Narrator: The final letter, "M," stands for Market Direction, and it may be the most important of all. O'Neil's research is unequivocal: you can be right about every single factor for a stock, but if you are wrong about the direction of the overall market, you will lose money. Roughly three out of four stocks move in the same direction as the general market. Trying to swim against the tide of a bear market is a futile and costly exercise.

Because of this, O'Neil's most important rule is not about buying, but about selling. He advocates for a simple, ironclad rule: always cut your losses at no more than 7% or 8% below your purchase price, with no exceptions. This isn't an emotional decision; it's a mathematical one. A 7% loss is easy to recover from. But if you let that loss grow to 33%, you now need a 50% gain just to get back to even. Holding on and hoping is not a strategy.

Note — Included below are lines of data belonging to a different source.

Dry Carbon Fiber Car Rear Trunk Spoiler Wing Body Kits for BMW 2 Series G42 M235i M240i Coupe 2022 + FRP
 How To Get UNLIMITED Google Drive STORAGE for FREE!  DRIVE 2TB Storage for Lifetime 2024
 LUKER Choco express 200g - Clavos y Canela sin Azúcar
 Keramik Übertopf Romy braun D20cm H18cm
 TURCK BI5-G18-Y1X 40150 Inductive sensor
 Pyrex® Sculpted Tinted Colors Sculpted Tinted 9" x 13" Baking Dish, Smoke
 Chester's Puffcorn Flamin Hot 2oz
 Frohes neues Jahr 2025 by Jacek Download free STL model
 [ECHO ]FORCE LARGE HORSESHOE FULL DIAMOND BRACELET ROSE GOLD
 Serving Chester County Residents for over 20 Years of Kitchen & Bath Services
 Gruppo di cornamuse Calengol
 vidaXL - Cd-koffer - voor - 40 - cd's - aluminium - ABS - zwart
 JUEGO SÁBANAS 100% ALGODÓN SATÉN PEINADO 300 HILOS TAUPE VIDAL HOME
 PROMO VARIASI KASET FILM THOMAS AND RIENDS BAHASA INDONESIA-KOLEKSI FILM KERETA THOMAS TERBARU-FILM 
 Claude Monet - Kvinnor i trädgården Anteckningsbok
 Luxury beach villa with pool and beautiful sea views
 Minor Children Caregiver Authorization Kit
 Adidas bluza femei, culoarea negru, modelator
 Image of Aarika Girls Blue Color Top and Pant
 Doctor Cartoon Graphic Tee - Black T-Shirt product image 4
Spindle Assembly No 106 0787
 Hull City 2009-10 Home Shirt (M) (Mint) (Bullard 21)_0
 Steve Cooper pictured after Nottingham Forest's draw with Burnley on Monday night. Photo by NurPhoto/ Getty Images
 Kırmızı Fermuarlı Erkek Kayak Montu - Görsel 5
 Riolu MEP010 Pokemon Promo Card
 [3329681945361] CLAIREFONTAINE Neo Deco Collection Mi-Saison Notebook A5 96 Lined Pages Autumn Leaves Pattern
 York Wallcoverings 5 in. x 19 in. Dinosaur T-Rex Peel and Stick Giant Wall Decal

This rule stands in stark contrast to the common mistake of "averaging down"—buying more of a stock as its price falls. O'Neil describes an acquaintance who, in 1981, bought shares of International Harvester at $19 because it had fallen sharply and seemed like a bargain. He was averaging down on a loser. The company was in serious trouble and headed for bankruptcy. The investor was throwing good money after bad, a mistake the 8% stop-loss rule is designed to prevent.

Conclusion

Narrator: The single most important takeaway from How to Make Money in Stocks is that superior investing is not an art form based on intuition, but a science based on historical precedent and disciplined execution. Success comes from abandoning emotion-driven habits—like buying "cheap" stocks or holding on to losers—and instead adopting a rigorous, data-driven system. The C-A-N S-L-I-M formula is a tool for identifying companies with explosive potential by focusing on what has actually worked in the past, not on what should work in theory.

Ultimately, the book's most challenging idea is its demand that investors trust the system over their own ingrained fears. Buying a stock at a new all-time high feels risky. Selling a beloved stock for a small 8% loss feels like admitting failure. Yet, O'Neil's decades of research show that these are precisely the actions that separate the great investors from the crowd. The final question it leaves is a practical one: can you set aside your ego and your emotions to follow a set of proven rules, even when every instinct tells you to do the opposite?